In Guinea, the impacts of climate change are manifested through flooding, soil erosion, and localized droughts, with significant consequences for market gardening and, consequently, urban food security [7] [17] [18]. In the Urban Commune of N’Zérékoré (CUZ), these phenomena are exacerbated by demographic pressure and rapid urbanization, which reduce the land available for agriculture and intensify the degradation of water resources. Torrential rains lead to river siltation and the loss of fertile soil, resulting in a marked decline in vegetable productivity. These challenges underscore the need to transform agricultural practices to enhance farmers’ resilience to climate-related hazards.

In this context, okra (Abelmoschus esculentus) cultivation plays a strategic role in the market gardening systems of the Urban Commune of N’Zérékoré (CUZ). As a crop with high nutritional and economic value, it serves as an important source of income for smallholder farmers while contributing to the food security of urban households. However, okra is highly sensitive to climatic variations, particularly temperature fluctuations, irregular rainfall, and soil degradation. These interrelated factors directly affect the growth, flowering, and fruiting of the plant, thereby compromising its yield and the stability of its production in the locality.

In addition, temperature fluctuations disrupt okra physiology, leading to developmental abnormalities, while irregular rainfall reduces water availability during critical growth stages. These water deficits result in recurrent water stress, early wilting, and premature flower and fruit drop, as reported by Asante [19], Challinor et al. [14], and Knox et al. [15]. Simultaneously, soil degradation (exacerbated by erosion, loss of organic matter, and overexploitation of land) undermines the fertility of growing environments and increases the vulnerability of okra cultivation to climate change. Together, these constraints reduce overall productivity and heighten the precariousness of farmers’ livelihoods.

Despite its high nutritional value in the region (being rich in fiber, vitamins, and minerals) and its central role in urban food diversification, the productive potential of okra remains constrained by structural and technological limitations. The scarcity of irrigation infrastructure, limited adoption of agricultural innovations, and insufficient implementation of sustainable soil management leave farmers almost entirely dependent on natural rainfall. This reliance amplifies inter-seasonal yield variability and undermines the livelihoods of market gardeners.

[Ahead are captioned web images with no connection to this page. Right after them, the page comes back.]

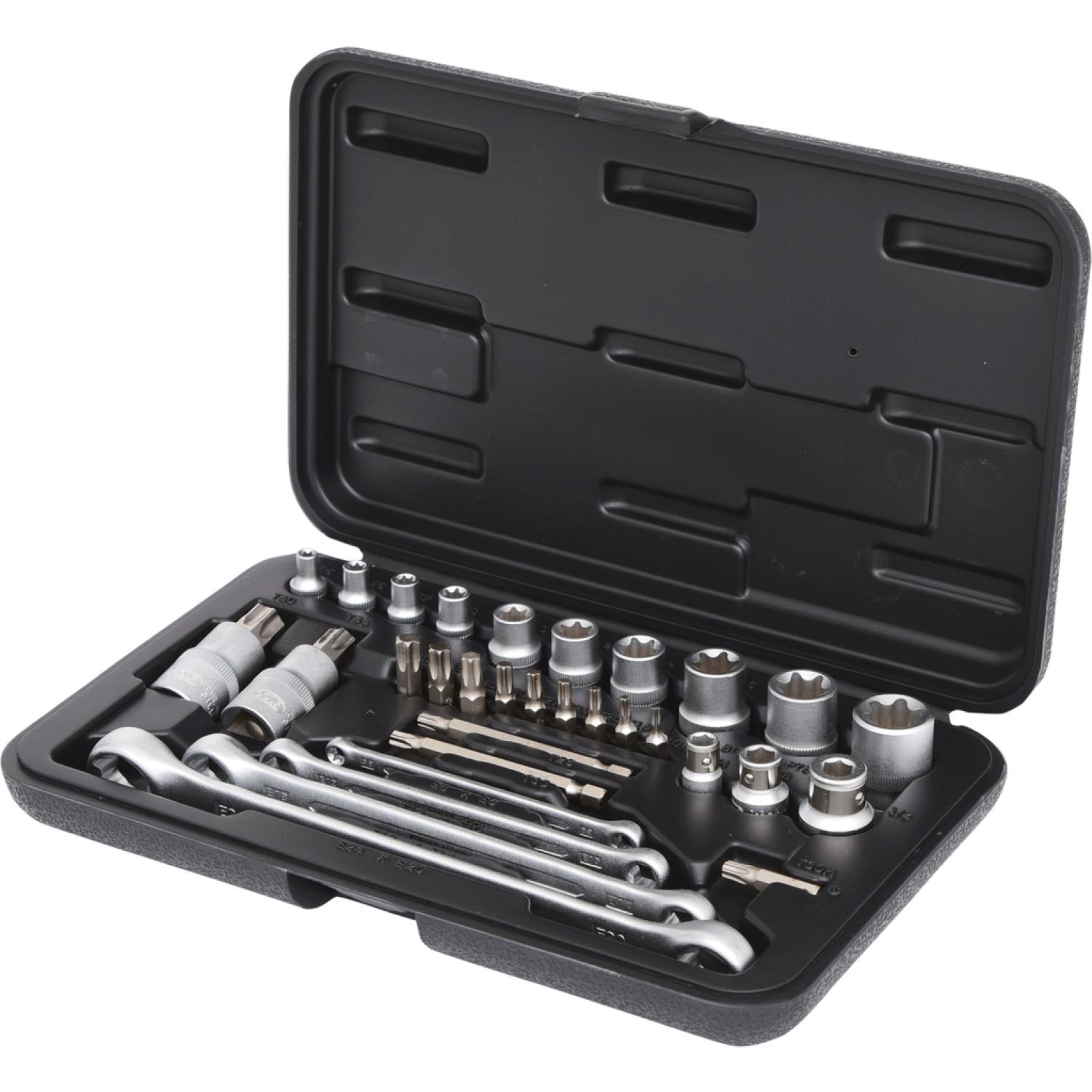Комплект торцовых ключей с профилем Torx 1/4"+3/8"+1/2", 31 шт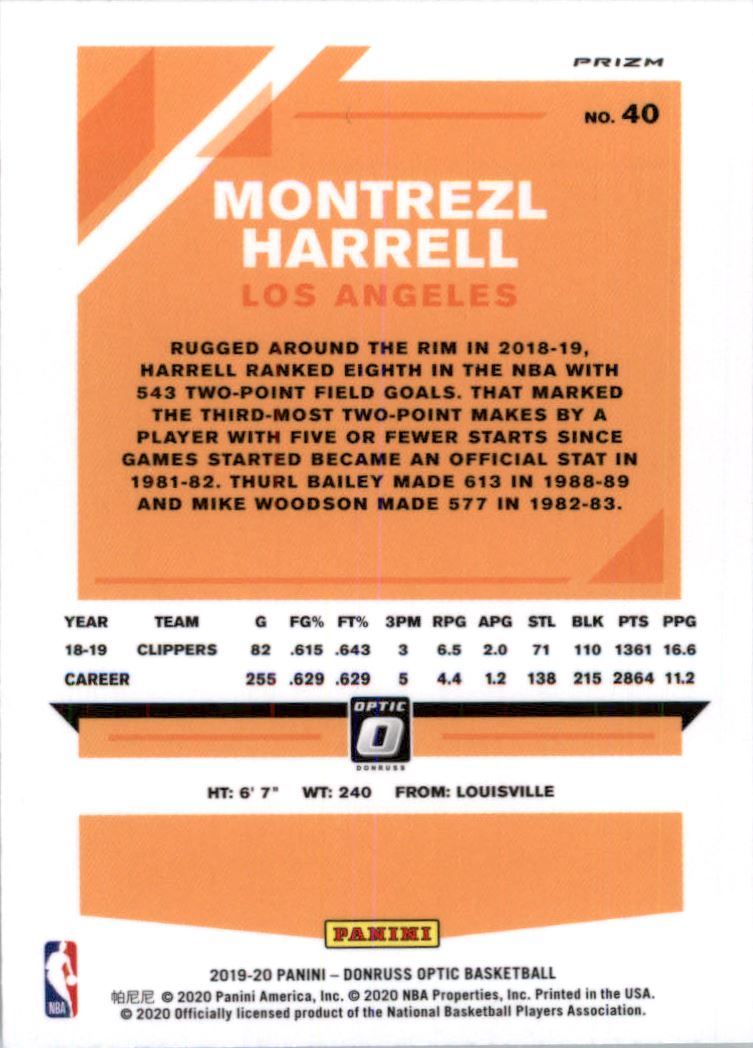 2019-20 Donruss Optic Holo #40 Montrezl Harrell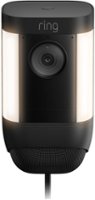 Ring - Spotlight Cam Pro Outdoor 1080p Plug-In Surveillance Camera - Black - Front_Zoom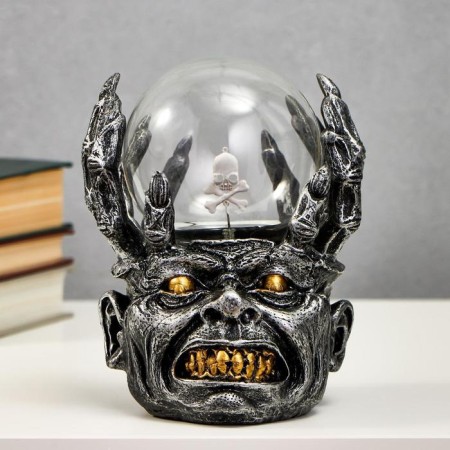Plasmic ball Polystone "Scarecrow" from 220V 14x13.5x17.5 cm Risalux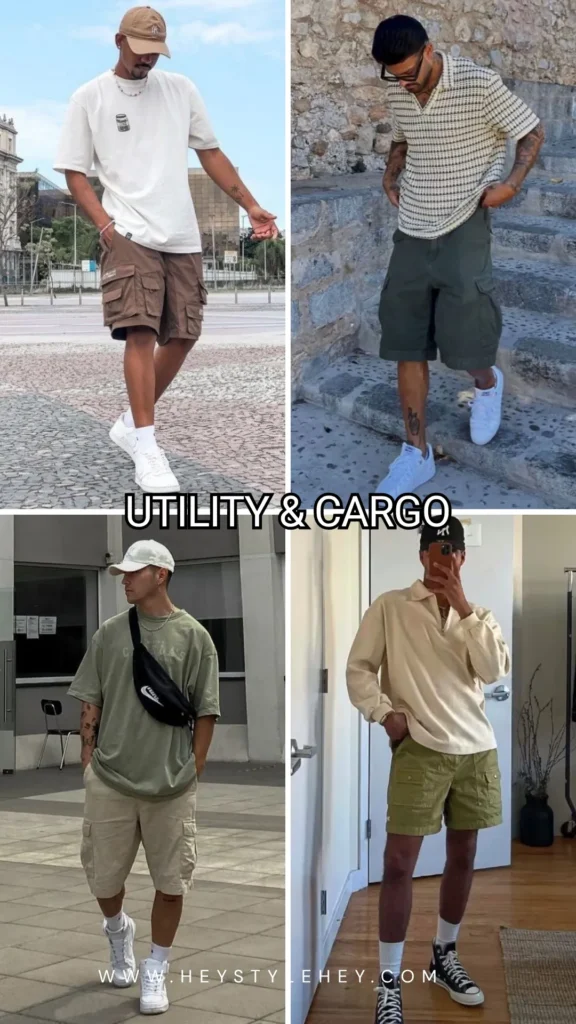 mens summer 2026 fashion trends - utility & cargo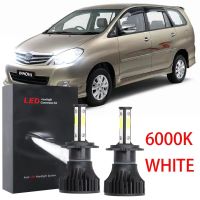 New หลอดไฟหน้ารถยนต์ LED 6000K สีขาว แบบเปลี่ยน สําหรับ TOYOTA INNOVA 2009 2010 2011 2012 2013 2014 2015 (1 คู่)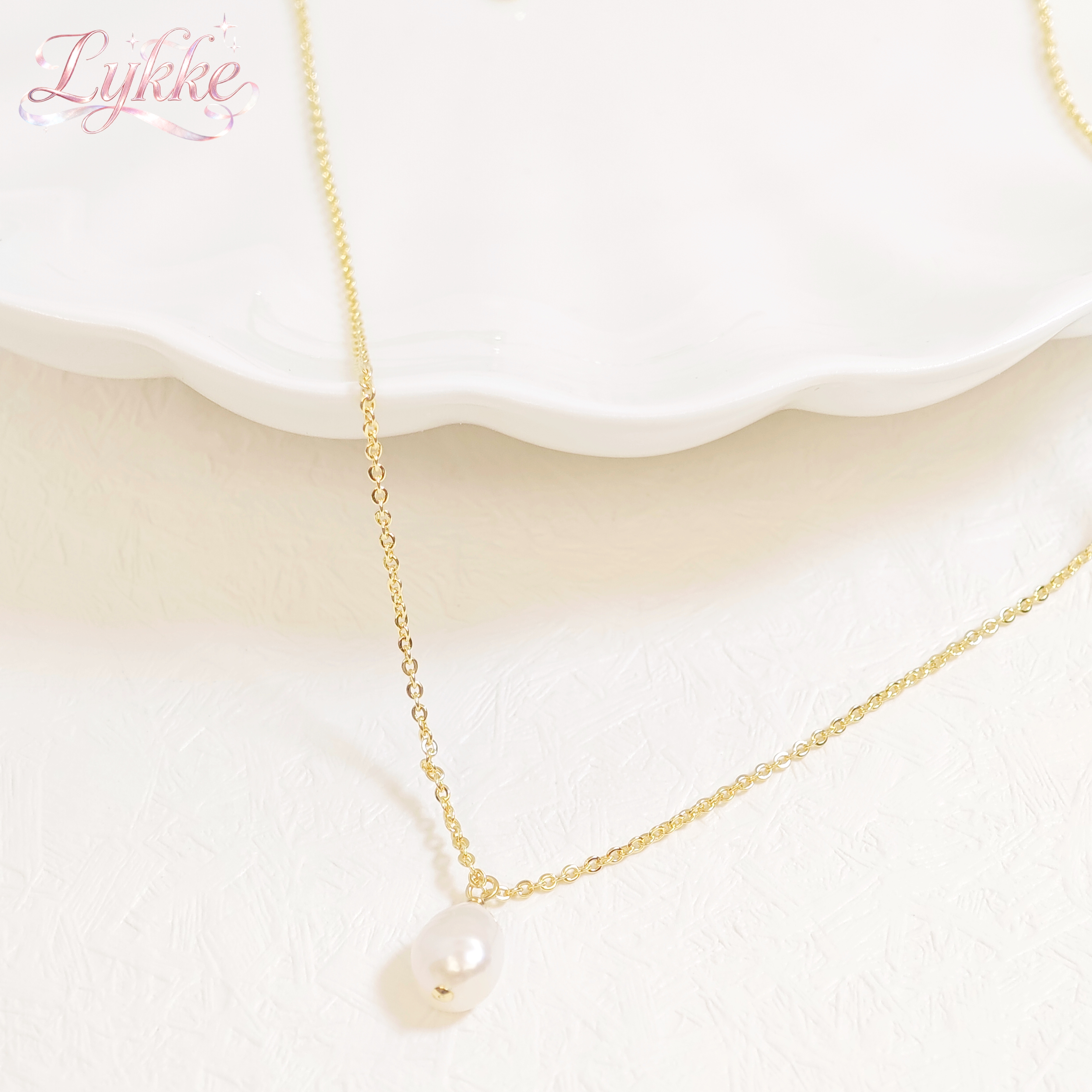 Hot selling French Baroque Wom - Pearl Trim Chain ulasan dan harga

Moreover, the predominance of smallholder family farms, coupled with limited access to agricultural credit, quality inputs, and climate information, significantly restricts local adaptation capacities.

This study, therefore, aims to analyze the vulnerability of okra cultivation to the effects of climate change in the Urban Commune of N’Zérékoré, to propose realistic and sustainable adaptation measures to enhance the resilience of local market gardening systems and support urban food security.

2. Materials and Methods

2.1. Knowledge of the Urban Commune of N’Zérékoré

Figure 1. Location map of the study sites in the Urban Commune of N’Zérékoré.

Located in Southeastern Guinea, the Urban Commune of N’Zérékoré (CUZ) is the largest city in Guinea’s forest region, covering an area of 47.3 km² with an estimated population of 250,000 according to the 2018 census. It is made up of 22 neighborhoods divided into 96 sectors and bordered by several rural communes (CR), including Samoé, Bounouma, Yalenzou, Koulé, Guécké, and Kobéla (Figure 1).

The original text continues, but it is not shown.